• [Goal of the exercise]: From the listing below, reproduce word for word the part that opens with the line containing "happy Retirement Card, a" and closes with the line containing "Hoofdafbeelding Škoda Octavia"; reproduce nothing else.

• [Source material]:

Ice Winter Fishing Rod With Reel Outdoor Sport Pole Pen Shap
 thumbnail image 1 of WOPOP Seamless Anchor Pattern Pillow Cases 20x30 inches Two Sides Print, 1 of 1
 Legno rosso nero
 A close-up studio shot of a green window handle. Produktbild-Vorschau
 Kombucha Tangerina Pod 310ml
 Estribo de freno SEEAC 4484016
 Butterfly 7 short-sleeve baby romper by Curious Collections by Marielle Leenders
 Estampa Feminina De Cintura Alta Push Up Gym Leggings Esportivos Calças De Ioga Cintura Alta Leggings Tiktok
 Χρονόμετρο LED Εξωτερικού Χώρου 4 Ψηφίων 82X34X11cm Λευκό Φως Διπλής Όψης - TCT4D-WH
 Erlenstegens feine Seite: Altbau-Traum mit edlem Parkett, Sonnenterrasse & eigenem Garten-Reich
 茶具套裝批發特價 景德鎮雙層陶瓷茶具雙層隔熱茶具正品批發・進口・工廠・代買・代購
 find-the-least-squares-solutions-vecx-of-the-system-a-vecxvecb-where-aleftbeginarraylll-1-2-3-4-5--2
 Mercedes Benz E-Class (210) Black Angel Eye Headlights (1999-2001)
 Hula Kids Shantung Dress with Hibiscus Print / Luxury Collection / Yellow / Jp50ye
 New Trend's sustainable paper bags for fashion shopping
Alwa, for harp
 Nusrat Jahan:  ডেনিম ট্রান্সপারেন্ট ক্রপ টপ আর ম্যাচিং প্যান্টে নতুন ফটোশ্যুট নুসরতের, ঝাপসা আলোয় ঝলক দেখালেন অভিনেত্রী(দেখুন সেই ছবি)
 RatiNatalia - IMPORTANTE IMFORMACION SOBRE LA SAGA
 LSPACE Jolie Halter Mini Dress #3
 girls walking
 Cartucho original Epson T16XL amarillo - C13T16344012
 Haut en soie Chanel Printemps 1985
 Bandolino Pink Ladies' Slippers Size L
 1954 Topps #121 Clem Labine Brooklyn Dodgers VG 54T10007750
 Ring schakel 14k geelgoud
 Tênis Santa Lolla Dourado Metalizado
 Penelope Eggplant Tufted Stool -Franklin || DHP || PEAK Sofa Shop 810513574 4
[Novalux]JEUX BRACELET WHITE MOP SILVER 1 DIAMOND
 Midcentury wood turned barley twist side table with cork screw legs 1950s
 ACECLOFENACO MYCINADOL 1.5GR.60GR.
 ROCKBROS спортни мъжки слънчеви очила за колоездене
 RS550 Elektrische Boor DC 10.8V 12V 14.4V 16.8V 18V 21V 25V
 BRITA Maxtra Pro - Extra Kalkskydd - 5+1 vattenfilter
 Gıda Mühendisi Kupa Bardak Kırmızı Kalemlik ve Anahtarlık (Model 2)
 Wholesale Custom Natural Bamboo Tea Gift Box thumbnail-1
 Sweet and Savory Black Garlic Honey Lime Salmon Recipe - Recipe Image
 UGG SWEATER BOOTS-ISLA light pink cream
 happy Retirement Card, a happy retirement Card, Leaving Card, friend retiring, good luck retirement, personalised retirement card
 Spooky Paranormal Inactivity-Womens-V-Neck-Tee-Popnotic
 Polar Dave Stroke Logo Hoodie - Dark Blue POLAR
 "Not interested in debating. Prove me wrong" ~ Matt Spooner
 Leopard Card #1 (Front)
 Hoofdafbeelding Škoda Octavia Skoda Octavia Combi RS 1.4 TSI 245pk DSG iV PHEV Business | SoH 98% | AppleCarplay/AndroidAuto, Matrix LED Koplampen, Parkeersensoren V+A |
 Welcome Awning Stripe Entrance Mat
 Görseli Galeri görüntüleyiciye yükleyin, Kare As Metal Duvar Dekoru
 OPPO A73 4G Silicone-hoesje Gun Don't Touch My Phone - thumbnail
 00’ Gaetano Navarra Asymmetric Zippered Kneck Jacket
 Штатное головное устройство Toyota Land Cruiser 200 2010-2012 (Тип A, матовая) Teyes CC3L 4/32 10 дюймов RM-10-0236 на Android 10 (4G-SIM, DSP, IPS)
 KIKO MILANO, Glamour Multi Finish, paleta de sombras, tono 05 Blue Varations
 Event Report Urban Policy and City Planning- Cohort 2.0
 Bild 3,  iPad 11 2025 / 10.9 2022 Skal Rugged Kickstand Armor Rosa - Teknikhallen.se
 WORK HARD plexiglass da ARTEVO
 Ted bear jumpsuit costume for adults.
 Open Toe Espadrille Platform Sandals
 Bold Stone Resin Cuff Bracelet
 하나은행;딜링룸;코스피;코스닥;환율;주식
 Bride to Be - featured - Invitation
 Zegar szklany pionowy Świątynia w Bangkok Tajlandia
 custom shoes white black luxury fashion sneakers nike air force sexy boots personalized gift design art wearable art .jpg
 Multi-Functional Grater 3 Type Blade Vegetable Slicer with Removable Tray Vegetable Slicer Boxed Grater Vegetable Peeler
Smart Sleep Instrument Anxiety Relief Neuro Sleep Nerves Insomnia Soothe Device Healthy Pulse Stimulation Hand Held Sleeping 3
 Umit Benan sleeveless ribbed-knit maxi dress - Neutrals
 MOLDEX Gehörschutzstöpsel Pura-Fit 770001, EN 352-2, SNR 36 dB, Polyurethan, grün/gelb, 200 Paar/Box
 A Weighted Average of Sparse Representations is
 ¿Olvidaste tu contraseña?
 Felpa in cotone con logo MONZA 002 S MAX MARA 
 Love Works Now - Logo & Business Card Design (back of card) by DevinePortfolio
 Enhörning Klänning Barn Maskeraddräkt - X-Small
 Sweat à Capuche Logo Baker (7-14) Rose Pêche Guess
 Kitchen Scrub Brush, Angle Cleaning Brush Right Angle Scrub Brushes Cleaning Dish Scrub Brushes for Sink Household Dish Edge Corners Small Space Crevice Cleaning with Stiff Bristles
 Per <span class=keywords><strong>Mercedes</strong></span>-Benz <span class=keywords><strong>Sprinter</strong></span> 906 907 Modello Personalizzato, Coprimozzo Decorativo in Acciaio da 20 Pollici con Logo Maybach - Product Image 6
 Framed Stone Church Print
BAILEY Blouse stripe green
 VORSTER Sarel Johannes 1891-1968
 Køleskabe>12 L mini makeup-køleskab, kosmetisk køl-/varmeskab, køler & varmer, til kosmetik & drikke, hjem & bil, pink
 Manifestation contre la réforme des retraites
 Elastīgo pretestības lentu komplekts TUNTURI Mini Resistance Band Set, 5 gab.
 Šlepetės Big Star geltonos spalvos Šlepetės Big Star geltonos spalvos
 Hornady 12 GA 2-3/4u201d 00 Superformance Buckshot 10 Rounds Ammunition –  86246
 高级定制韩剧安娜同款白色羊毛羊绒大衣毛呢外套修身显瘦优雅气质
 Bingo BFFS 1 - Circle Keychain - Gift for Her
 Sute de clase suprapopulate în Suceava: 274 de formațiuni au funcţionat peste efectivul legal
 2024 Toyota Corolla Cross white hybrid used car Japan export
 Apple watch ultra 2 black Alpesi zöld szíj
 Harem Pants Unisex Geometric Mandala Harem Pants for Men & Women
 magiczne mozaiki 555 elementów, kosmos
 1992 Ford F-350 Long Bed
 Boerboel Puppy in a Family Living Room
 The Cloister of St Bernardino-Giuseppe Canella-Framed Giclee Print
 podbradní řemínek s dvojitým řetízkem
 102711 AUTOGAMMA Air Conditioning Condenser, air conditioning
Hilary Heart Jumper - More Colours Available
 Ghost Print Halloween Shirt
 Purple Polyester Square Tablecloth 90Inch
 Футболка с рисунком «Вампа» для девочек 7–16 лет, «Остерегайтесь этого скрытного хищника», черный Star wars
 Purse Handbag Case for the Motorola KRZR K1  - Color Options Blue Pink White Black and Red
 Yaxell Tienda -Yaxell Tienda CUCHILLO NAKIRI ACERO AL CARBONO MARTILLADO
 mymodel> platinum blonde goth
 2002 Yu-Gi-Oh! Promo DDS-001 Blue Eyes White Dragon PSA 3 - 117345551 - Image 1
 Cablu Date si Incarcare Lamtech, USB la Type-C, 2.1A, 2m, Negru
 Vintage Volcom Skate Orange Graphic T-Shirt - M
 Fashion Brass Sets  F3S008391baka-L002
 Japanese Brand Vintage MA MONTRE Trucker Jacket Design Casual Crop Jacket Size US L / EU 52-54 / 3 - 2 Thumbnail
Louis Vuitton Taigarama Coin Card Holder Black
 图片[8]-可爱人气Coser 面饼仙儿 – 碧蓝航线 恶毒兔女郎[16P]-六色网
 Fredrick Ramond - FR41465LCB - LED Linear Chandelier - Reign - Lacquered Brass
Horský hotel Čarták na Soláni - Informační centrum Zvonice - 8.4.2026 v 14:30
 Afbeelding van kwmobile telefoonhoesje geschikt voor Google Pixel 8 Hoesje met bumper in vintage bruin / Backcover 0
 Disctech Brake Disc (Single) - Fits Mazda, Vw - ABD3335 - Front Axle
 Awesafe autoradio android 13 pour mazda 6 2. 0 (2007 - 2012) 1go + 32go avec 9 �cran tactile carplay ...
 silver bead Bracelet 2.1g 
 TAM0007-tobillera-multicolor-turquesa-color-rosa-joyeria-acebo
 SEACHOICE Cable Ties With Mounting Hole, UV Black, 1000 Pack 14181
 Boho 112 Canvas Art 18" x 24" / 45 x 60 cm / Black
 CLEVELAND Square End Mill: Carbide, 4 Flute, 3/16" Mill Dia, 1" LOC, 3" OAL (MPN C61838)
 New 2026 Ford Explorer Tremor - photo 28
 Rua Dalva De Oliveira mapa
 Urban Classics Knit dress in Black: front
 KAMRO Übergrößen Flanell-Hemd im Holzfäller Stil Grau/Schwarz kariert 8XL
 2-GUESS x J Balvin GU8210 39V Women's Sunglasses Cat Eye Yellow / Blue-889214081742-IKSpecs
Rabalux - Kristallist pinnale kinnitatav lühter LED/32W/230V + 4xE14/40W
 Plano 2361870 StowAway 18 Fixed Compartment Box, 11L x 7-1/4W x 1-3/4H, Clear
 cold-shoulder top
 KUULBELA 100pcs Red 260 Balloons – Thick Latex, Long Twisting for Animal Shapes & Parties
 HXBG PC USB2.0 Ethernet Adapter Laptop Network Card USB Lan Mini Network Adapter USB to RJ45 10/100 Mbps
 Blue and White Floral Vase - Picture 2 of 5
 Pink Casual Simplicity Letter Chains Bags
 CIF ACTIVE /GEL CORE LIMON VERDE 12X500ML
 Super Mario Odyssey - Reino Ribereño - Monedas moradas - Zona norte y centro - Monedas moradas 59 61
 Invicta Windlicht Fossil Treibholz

• [Solution for this problem]:
 happy Retirement Card, a happy retirement Card, Leaving Card, friend retiring, good luck retirement, personalised retirement card
 Spooky Paranormal Inactivity-Womens-V-Neck-Tee-Popnotic
 Polar Dave Stroke Logo Hoodie - Dark Blue POLAR
 "Not interested in debating. Prove me wrong" ~ Matt Spooner
 Leopard Card #1 (Front)
 Hoofdafbeelding Škoda Octavia Skoda Octavia Combi RS 1.4 TSI 245pk DSG iV PHEV Business | SoH 98% | AppleCarplay/AndroidAuto, Matrix LED Koplampen, Parkeersensoren V+A |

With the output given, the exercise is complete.